Docker with GPU-support in unprivileged LXD container

klmmr · September 20, 2019, 10:40am

I am trying to use LXD with nested Docker for applications that run computations on the GPU (e.g. deep learning with tensorflow).

On the host system (Ubuntu 18.04 Server) only LXD and the GPU drivers (nvidia-driver-430) are installed. The usual Ubuntu 18.04 image is used for the LXD container with security.nesting true and the GPU was added to the container via lxc config device add docker gpu gpu, the option nvidia.runtime was not set. I installed nvidia-driver-430 in the LXD container and also the nvidia-container-toolkit as well as Docker. In the LXD container nvidia-smi and docker run hello-world work fine.

When trying to use the GPUs with a Docker container, I get the following error message:

ubuntu@docker:~$ docker run --gpus all nvidia/cuda:10.1-base nvidia-smi
Unable to find image 'nvidia/cuda:10.1-base' locally
10.1-base: Pulling from nvidia/cuda
35c102085707: Pull complete 
251f5509d51d: Pull complete 
8e829fe70a46: Pull complete 
6001e1789921: Pull complete 
9f0a21d58e5d: Pull complete 
47b91ac70c27: Pull complete 
a0529eb74f28: Pull complete 
Digest: sha256:ed16350d934ba7b4cef27cbd5e3e1cdeae9d89a0aedd3f66972bf4377f76ca09
Status: Downloaded newer image for nvidia/cuda:10.1-base
docker: Error response from daemon: OCI runtime create failed: container_linux.go:345: starting container process caused "process_linux.go:430: container init caused \"process_linux.go:413: running prestart hook 0 caused \\\"error running hook: exit status 1, stdout: , stderr: nvidia-container-cli: mount error: write error: /sys/fs/cgroup/devices/docker/8a1bfba9d762f426f8c59a7b44f969fc4ce3b49d386e5fb3305c3ae3d0cf35fb/devices.allow: operation not permitted\\\\n\\\"\"": unknown.
ERRO[0006] error waiting for container: context canceled

There seem to be some kind of permission problem writing to /sys/fs/cgroup/devices/docker/. I also tried to examine the problem using strace but couldn’t find any clue. I verified that the setup should work in general by using the option security.privileged true for the LXD container. For a privileged LXD container everything works fine and nvidia-smi is executed correctly within the Docker container showing the GPU.
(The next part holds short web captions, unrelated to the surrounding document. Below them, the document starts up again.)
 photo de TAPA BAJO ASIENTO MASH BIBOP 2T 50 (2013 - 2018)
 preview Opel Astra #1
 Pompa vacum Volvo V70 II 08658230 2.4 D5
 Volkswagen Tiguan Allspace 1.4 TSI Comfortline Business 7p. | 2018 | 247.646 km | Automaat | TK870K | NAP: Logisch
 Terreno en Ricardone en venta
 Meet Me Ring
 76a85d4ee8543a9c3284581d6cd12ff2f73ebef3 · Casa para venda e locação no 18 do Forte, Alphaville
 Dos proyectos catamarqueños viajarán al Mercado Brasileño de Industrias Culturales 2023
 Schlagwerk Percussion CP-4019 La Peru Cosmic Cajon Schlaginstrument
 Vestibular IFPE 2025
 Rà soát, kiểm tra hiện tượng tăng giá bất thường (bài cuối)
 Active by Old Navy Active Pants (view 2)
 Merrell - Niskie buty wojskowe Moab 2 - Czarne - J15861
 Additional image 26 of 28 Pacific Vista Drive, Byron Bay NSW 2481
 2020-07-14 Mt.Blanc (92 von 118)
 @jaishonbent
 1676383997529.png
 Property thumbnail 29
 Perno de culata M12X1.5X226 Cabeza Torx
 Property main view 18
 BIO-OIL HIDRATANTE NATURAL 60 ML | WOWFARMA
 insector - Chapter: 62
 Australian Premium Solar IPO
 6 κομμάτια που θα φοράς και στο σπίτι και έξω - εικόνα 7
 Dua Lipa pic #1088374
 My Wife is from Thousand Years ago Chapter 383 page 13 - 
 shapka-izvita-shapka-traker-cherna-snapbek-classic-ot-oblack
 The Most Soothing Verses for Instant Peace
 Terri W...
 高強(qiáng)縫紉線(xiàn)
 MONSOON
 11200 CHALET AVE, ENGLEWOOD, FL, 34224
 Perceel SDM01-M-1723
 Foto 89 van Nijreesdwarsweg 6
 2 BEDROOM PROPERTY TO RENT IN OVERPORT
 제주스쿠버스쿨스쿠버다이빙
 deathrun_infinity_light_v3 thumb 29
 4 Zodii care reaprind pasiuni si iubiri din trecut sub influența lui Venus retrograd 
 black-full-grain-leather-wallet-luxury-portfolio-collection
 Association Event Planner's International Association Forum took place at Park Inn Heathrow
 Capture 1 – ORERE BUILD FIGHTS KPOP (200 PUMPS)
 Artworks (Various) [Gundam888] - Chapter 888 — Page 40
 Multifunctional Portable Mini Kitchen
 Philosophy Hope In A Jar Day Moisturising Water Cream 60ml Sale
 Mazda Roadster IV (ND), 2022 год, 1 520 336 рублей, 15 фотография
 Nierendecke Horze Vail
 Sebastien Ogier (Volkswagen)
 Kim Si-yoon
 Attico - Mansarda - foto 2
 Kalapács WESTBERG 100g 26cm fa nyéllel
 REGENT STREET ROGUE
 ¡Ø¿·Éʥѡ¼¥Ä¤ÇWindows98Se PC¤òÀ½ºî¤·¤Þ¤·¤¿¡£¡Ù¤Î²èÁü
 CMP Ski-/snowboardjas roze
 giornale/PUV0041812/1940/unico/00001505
However, for my use case it is not possible to use a privileged LXD container. Has anyone faced the same (or a similar) problem? Do you have an idea how to debug this problem further?

Some background information: I am using a GeForce GTX 1080 Ti (using nvidia-driver-430) on Ubuntu Server 18.04.3, with the following versions of LXD and docker.

LXD version (on host):

$ lxc version
Client version: 3.17
Server version: 3.17

Docker version (in LXD container)

$ docker version
Client: Docker Engine - Community
 Version:           19.03.2
 API version:       1.40
 Go version:        go1.12.8
 Git commit:        6a30dfc
 Built:             Thu Aug 29 05:29:11 2019
 OS/Arch:           linux/amd64
 Experimental:      false

Server: Docker Engine - Community
 Engine:
  Version:          19.03.2
  API version:      1.40 (minimum version 1.12)
  Go version:       go1.12.8
  Git commit:       6a30dfc
  Built:            Thu Aug 29 05:27:45 2019
  OS/Arch:          linux/amd64
  Experimental:     false
 containerd:
  Version:          1.2.6
  GitCommit:        894b81a4b802e4eb2a91d1ce216b8817763c29fb
 runc:
  Version:          1.0.0-rc8
  GitCommit:        425e105d5a03fabd737a126ad93d62a9eeede87f
 docker-init:
  Version:          0.18.0
  GitCommit:        fec3683

stgraber · September 20, 2019, 12:55pm

This feels like something that should be reported to nvidia-container upstream. I don’t think this is a case they’ve thought about and clearly not one they test, but it may be something they’d be interested in looking into an fixing.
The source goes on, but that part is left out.